13.1.07

Desde a arcada atá ao paraíso


Eu nunca acreditei no Diabo - como nunca acreditei em Deus.

Jamais o disse alto, ou o escrevi nas gazetas, para não descontentar os poderes públicos, encarregados de manter o respeito por tais entidades:

mas que existam estes dois personagens, velhos como a Substância, rivais bonacheirões, fazendo-se mutuamente pirraças amáveis, - um de barbas nevadas e túnica azul, na toilette do antigo Jove, habitando os altos luminosos, entre uma corte mais complicada que a de Luís XIV; e o outro enfarruscado e manhoso, ornado de cornos, vivendo nas chamas inferiores, numa imitação burguesa do pitoresco Plutão - não acredito.

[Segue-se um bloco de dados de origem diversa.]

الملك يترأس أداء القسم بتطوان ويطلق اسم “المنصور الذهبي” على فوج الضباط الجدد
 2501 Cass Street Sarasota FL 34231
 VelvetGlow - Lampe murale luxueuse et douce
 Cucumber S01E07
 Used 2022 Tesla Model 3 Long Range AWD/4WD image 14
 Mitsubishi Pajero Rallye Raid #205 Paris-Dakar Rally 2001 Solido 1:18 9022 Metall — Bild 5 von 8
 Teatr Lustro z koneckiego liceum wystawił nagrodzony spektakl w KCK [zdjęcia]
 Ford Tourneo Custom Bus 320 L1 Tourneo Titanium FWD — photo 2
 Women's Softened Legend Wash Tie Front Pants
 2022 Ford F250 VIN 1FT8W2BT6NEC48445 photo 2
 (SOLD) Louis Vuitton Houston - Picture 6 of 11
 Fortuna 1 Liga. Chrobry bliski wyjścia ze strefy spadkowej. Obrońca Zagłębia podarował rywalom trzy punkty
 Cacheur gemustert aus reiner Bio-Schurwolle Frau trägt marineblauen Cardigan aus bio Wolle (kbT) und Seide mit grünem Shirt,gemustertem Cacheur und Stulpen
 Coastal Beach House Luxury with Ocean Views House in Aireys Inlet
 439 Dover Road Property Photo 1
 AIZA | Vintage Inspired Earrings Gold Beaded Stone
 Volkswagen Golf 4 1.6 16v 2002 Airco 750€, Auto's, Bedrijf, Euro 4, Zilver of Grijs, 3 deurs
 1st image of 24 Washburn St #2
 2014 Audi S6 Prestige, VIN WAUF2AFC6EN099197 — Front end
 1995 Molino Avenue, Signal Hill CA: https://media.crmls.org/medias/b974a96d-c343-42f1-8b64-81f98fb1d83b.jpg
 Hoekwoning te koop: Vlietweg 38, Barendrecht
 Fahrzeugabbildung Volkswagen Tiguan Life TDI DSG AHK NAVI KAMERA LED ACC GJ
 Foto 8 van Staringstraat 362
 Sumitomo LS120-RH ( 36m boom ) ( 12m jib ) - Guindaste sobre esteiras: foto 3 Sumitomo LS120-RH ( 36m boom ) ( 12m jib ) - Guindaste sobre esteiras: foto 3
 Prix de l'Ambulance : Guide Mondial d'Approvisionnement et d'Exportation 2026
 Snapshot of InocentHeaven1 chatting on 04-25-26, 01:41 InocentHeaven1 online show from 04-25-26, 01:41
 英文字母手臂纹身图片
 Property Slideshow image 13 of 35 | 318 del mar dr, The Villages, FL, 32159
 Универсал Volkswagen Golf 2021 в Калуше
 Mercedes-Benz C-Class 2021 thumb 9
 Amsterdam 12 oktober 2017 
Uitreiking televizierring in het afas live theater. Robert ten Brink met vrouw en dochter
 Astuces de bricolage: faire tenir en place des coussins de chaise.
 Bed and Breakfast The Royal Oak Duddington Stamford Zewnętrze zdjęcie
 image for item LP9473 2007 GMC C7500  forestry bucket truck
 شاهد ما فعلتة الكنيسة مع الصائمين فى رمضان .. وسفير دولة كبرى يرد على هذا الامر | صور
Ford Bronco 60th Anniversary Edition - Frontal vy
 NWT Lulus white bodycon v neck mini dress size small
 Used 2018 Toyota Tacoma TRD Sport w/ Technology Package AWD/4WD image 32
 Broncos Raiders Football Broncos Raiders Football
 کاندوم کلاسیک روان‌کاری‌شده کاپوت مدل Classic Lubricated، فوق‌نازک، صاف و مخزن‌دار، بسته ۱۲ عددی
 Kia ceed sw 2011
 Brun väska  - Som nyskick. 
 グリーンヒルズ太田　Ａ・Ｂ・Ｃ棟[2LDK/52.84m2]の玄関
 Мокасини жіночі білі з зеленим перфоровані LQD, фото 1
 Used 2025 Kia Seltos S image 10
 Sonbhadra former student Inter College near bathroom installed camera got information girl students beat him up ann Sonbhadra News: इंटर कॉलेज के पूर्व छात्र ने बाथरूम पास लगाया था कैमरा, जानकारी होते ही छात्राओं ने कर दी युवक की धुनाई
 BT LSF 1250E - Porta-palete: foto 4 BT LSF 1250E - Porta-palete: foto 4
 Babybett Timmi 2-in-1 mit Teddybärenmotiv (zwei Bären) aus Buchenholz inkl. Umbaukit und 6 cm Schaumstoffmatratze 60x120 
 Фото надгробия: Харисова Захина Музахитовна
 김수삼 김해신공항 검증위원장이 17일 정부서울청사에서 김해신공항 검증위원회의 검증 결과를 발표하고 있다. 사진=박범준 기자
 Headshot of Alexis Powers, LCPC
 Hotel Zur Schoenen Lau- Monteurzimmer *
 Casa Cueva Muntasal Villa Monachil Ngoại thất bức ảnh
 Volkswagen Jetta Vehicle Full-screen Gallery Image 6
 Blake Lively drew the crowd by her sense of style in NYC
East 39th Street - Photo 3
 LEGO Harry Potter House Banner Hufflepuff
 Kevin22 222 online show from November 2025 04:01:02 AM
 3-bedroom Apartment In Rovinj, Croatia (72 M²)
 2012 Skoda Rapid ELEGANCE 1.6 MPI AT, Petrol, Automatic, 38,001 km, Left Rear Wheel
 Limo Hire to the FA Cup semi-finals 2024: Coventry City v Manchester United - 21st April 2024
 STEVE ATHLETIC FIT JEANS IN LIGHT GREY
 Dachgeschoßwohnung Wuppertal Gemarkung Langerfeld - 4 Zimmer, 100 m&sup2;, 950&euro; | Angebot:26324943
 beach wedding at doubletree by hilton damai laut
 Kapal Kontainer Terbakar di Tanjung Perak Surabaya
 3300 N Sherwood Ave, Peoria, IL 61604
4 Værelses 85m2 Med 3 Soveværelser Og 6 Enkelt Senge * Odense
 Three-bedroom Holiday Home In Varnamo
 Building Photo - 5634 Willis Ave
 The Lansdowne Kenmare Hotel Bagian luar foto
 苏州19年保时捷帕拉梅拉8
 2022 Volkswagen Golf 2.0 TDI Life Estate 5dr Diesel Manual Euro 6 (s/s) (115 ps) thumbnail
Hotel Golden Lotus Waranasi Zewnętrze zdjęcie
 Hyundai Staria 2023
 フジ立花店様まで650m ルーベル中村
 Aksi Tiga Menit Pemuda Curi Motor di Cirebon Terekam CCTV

Não, não acredito! Céu e Inferno são concepções sociais para uso da plebe - e eu pertenço à classe média.

Rezo, é verdade, a Nossa Senhora das Dores:

porque, assim como pedi o favor do senhor doutor para passar no meu acto; assim como, para obter os meus vinte mil réis, implorei a benevolência do senhor deputado; igualmente para me subtrair à tísica, à angina, à navalha de ponta, à febre que vem da sarjeta, à casca da laranja escorregadia onde se quebra a perna, a outros males públicos, necessito ter uma protecção extra-humana.

Ou pelo rapapé ou pelo incensador, o homem prudente deve ir fazendo assim uma série de sábias adulações, desde a Arcada até ao Paraíso.

Com um compadre no bairro, e uma comadre mística nas alturas - o destino do bacharel está seguro.